Required action ▸
Reproduce the full listing below unchanged, apart from the pictures.

Data records ▸
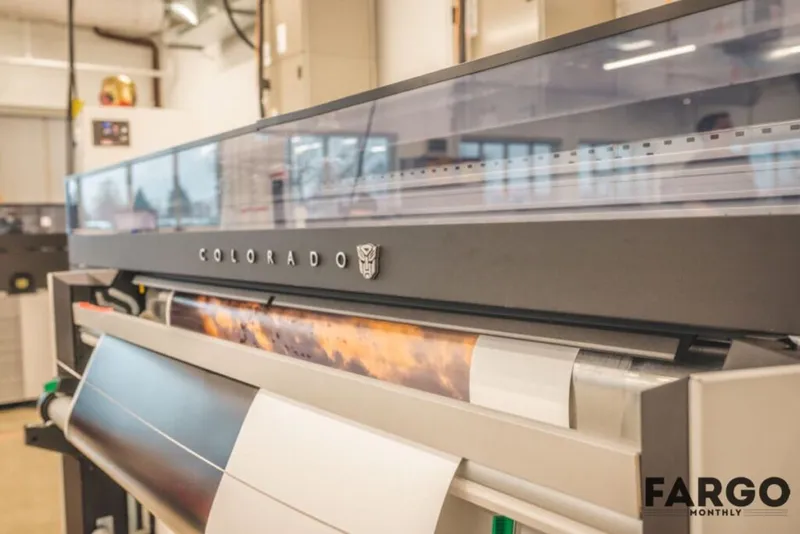 Close-up of a Colorado wide-format printer outputting a colorful large-scale print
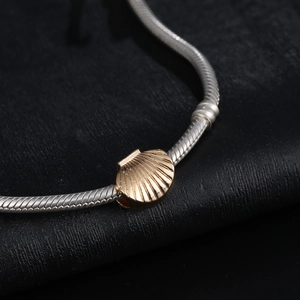 Golden seashell pendant on silver snake chain bracelet, elegant beach style jewelry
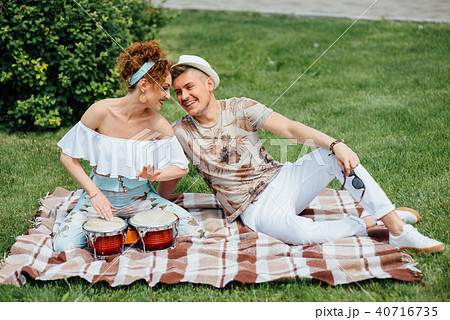 Young laughing couple playing drums 40716735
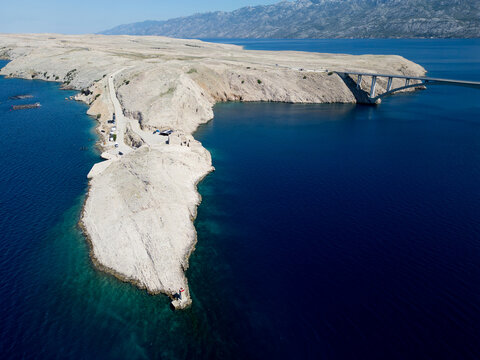 Aerial View of Pag Bridge and Rugged Coastline of Pag Island, Croatia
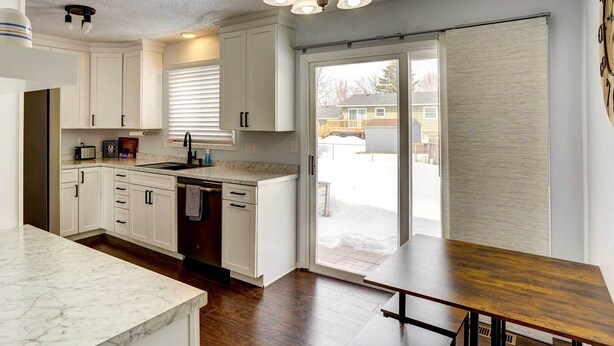A modern kitchen with white cabinets, a marble countertop, and a wooden dining table. - Cozy Sioux Falls Home - 7 Mi to Downtown! (Sioux Falls)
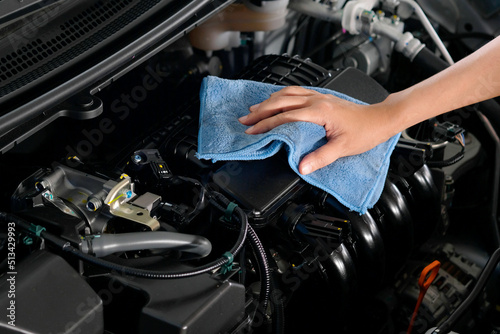 hand of a man holding a blue cloth caring, maintenance car and cleaning And engine car room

Solution for this problem ▸
 Close-up of a Colorado wide-format printer outputting a colorful large-scale print
 Golden seashell pendant on silver snake chain bracelet, elegant beach style jewelry
 Young laughing couple playing drums 40716735
 Aerial View of Pag Bridge and Rugged Coastline of Pag Island, Croatia
A modern kitchen with white cabinets, a marble countertop, and a wooden dining table. - Cozy Sioux Falls Home - 7 Mi to Downtown! (Sioux Falls)
 hand of a man holding a blue cloth caring, maintenance car and cleaning And engine car room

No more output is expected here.